Monday, May 5, 2008

The Pod People

The second stop on my bike tour of UC Davis took us to a secluded corner of campus where the patchouli is flowing freely, but so is the good will. It is another of the housing cooperatives on campus made up of undergrads and graduate students, and it made me think of one of my favorite quotes from The Know it All, by AJ Jacobs. "My favorite reform movement leader is a Frenchman named Fourier, whom this Britannica entry matter-of-factly describes as "more than a little mad." In Fourier's utopian vision, humans would live in cooperative groups called "phalanges," where they would "cultivate cabbages in the morning and sing opera in the evening...Love and passion would bind men together in a noncoercive order."

Sort of a cross between Tatooine and the Shire

Well, these students are not cultivating cabbages or singing opera, but they are living cooperatively in cement domes, which are meant to maximize space and energy efficiency.

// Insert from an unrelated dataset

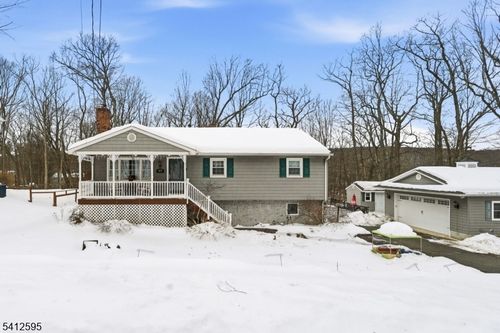 17 Acorn Dr, Highland Lakes, NJ, 07422-1110 | Card Image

Each 2 level "pod" houses 2-3 people. The benefits of living in this type of community abound; while the students are still living in campus housing, they take turns sharing meal duties (there are communal outdoor dinners most nights), they all have space to garden, a few of them run an on-site (or should I say on-commune?) bike salvage and repair shop, and everyone gets around by riding a bike. Of course, this favorite local mode of transportation uses no fossil fuels. In short, compared to most co-eds, their footprint is miniscule.

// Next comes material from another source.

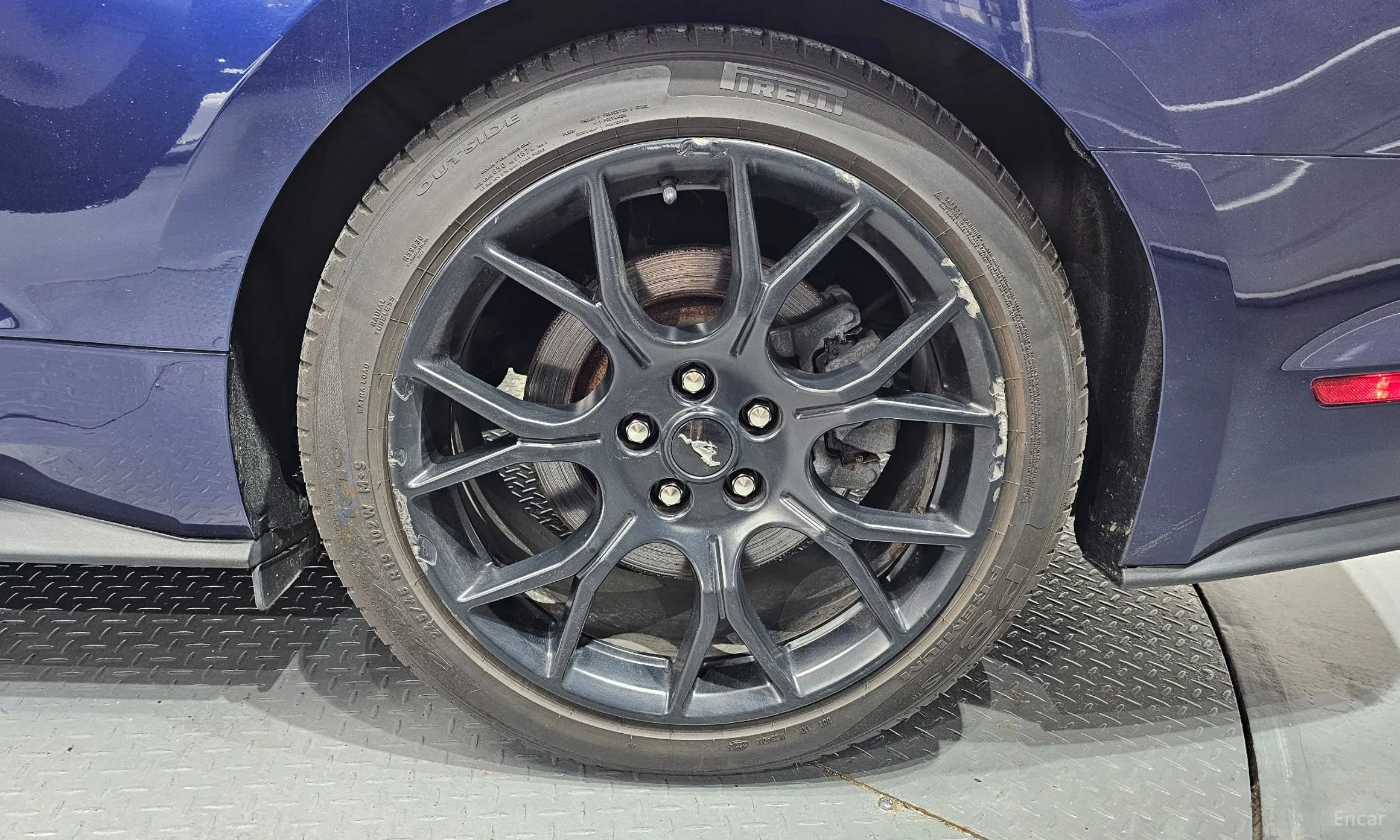 Ford Mustang превью 5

Pod people are kind and handy, but unused to our surface dwelling ways

Because the pod folks' gatherings can get a little cold in the winter, they are in the process of building a community yurt that will be heated completely by solar panels made from salvaged materials. It is a community project as are most here, and on the day we visited, we ran into a graduate student who was doing a few repairs to his home using tools from the communal tool shed. I'm not sure how it all works - I am type A after all and was scanning the area for schedules - but everything seemed to be running peacefully, and there were a lot fewer empty beer bottles than one saw in my college dorm.
New take on an old Mongol idea - The Solar Yurt

Just like at home, the ball pein hammer's missing

While this type of living may not appeal to everyone, as a twenty-something it is idyllic, educational, low impact, and even cheaper than the regular dorms. More importantly, it provides a model for innovation, creativity, and communal good cheer that arises from committing to a shared a goal.